Dopo anni di silenzi, segnali in codice e mezze ammissioni, Filippo Graviano il boss protagonista delle stragi e della famigerata ‘trattativa Stato-mafia’ inizia a raccontare ai giudici le sue verità sui rapporti con Silvio Berlusconi. E lo fa perché a suo dire il noto affarista avrebbe ripetutamente tradito le intese.
Le recenti rilevelazioni non aggiungono molto a quanto già era stato accertato, se non in termini di autorevolezza, ma non è detto che in futuro non diventino più esplosive. Innumerevoli sono le inchieste giudiziarie e giornalistiche che hanno sinora accertato come alcuni capitali mafiosi riciclati già nella banca Rasini diretta dal padre a Lugano, siano all’origine delle fortune di Berlusconi, poi cresciute anche grazie alle alleanze con i ‘picciotti’. Del resto il suo braccio destro, nonché fondatore di Forza Italia Marcello Dell’Utri, è stato condannato a 9 anni proprio per concorso esterno in associazione mafiosa, mentre Berlsuconi nello stesso processo fu assolto per insufficienza di prove. Famoso poi il caso di Mangano, il boss mafioso che gli curava la villa e i figli, definito ‘santo’ da Berlusconi per il silenzio mantenuto sui loro rapporti sino alla morte in carcere.

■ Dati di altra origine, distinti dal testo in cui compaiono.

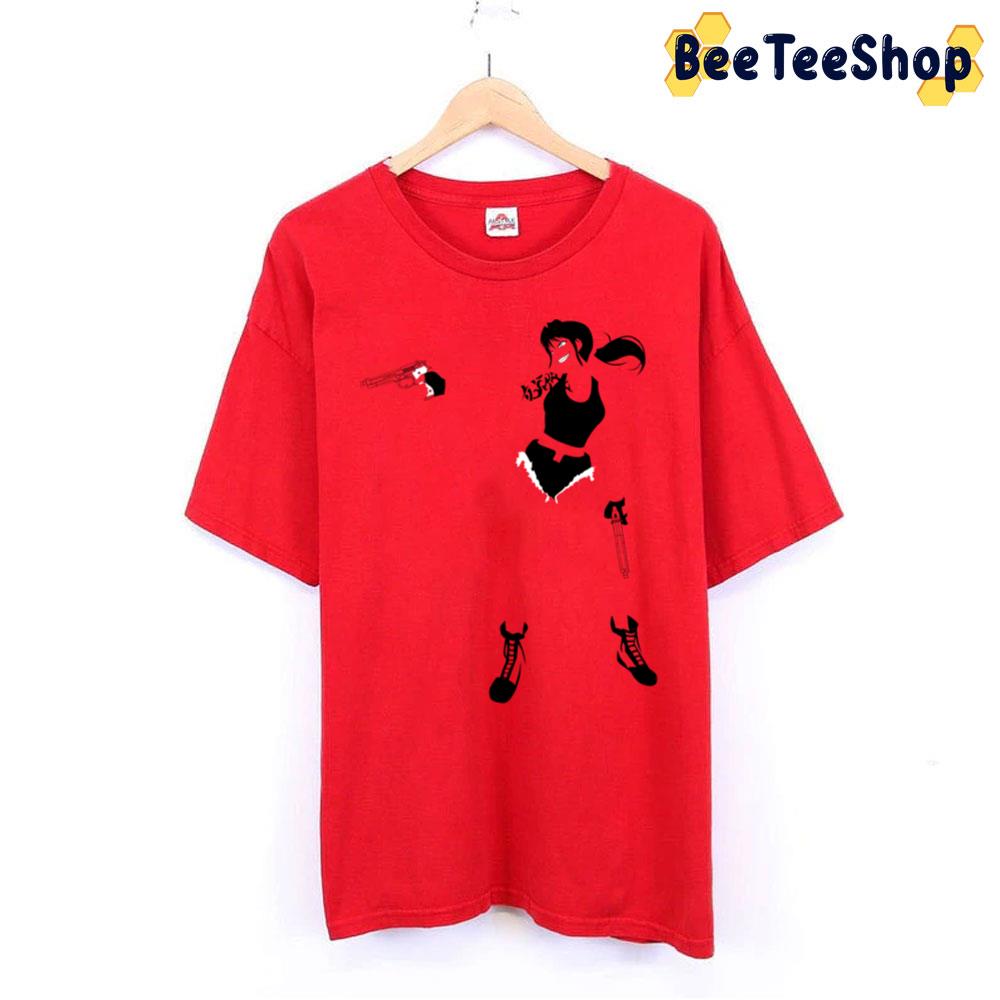 Two Hands Trending Unisex T-Shirt Two Hands Trending Unisex T-Shirt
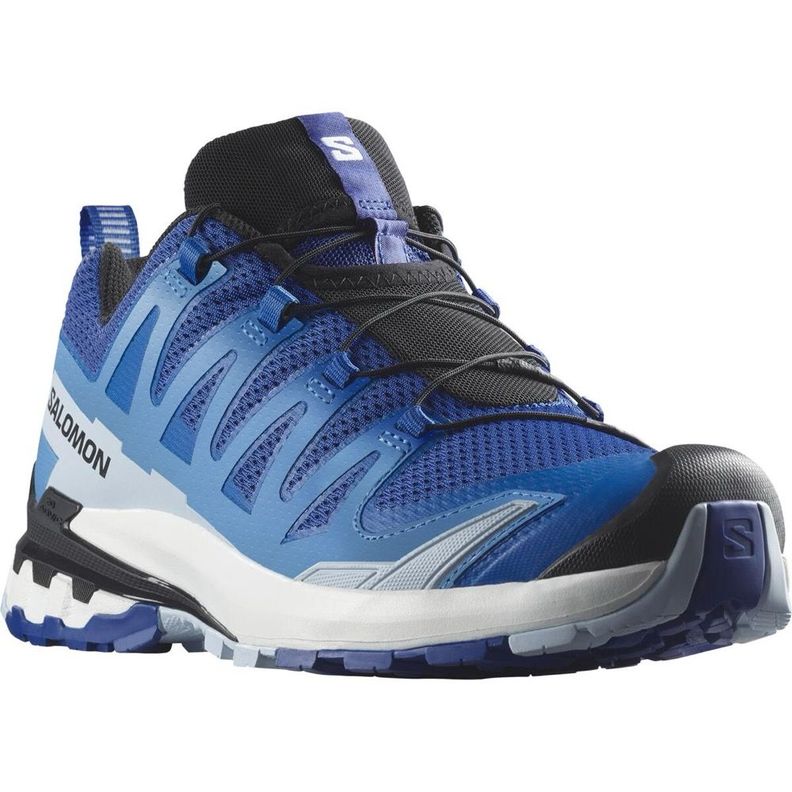 Zapatilla Hombre Xa Pro 3D V9 Az Salomon-4
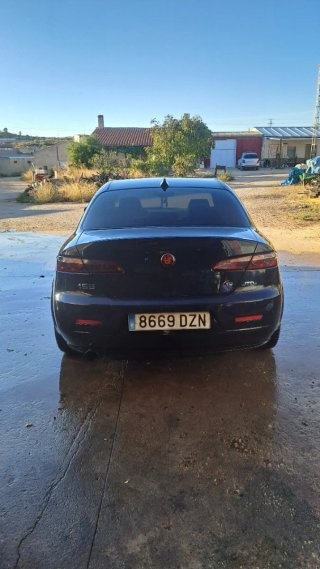 Alfa Romeo 159 2006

Ora il cerchio si stringe grazie al ‘peso’ di un boss come Graviano che da oltre ventanni si rifiutava di collaborare con la giustizia, e alle informazioni che potrà rivelare. Altri boss avevano iniziato a parlare di Silvio Berlusconi e la mafia, come lo stesso ‘capo dei capi’ Toto Riina, morto però in carcere dopo strani incidenti con annessi danni neurologici, prima di poter completare quanto aveva iniziato a dichiarare.